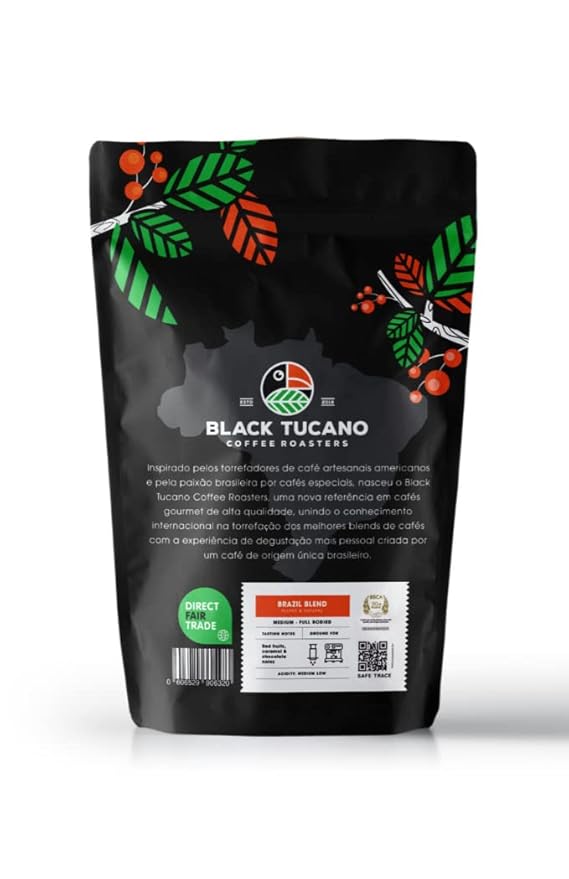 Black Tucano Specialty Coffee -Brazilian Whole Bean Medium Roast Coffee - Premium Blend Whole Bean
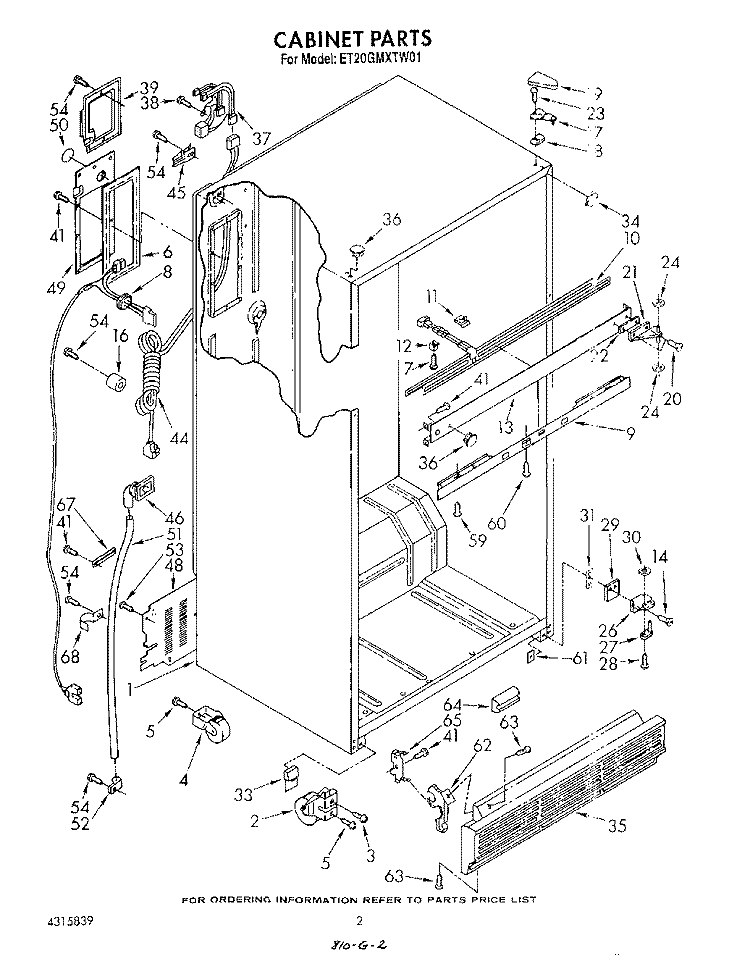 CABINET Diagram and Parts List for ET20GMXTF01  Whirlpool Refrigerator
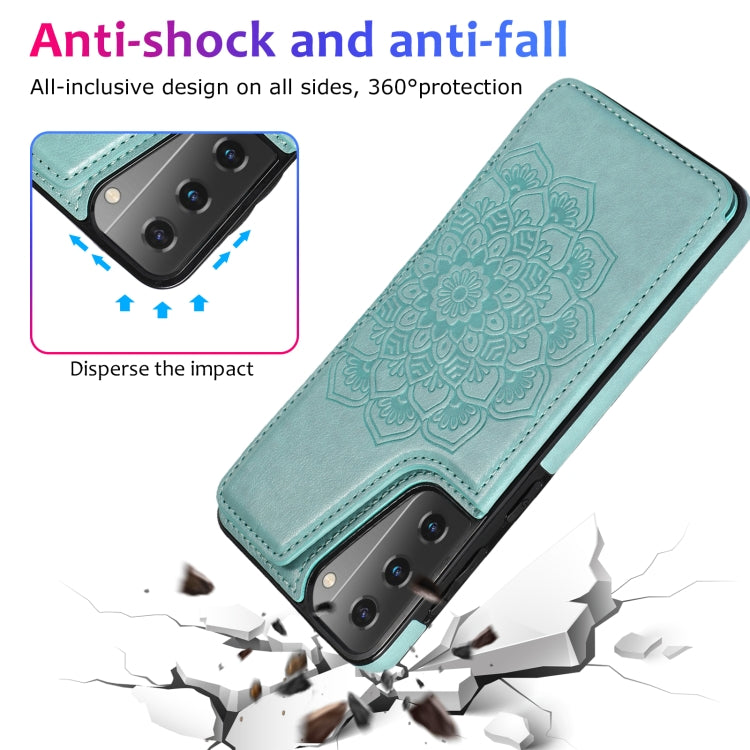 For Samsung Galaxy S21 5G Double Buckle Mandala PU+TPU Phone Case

• • • •

§ WHAT THIS TASK INVOLVES:
Please ensure that the data above is repeated exactly, with no pictures in the copy.

§ EXERCISE OUTPUT:
 Black Tucano Specialty Coffee -Brazilian Whole Bean Medium Roast Coffee - Premium Blend Whole Bean
 CABINET Diagram and Parts List for ET20GMXTF01  Whirlpool Refrigerator
 For Samsung Galaxy S21 5G Double Buckle Mandala PU+TPU Phone Case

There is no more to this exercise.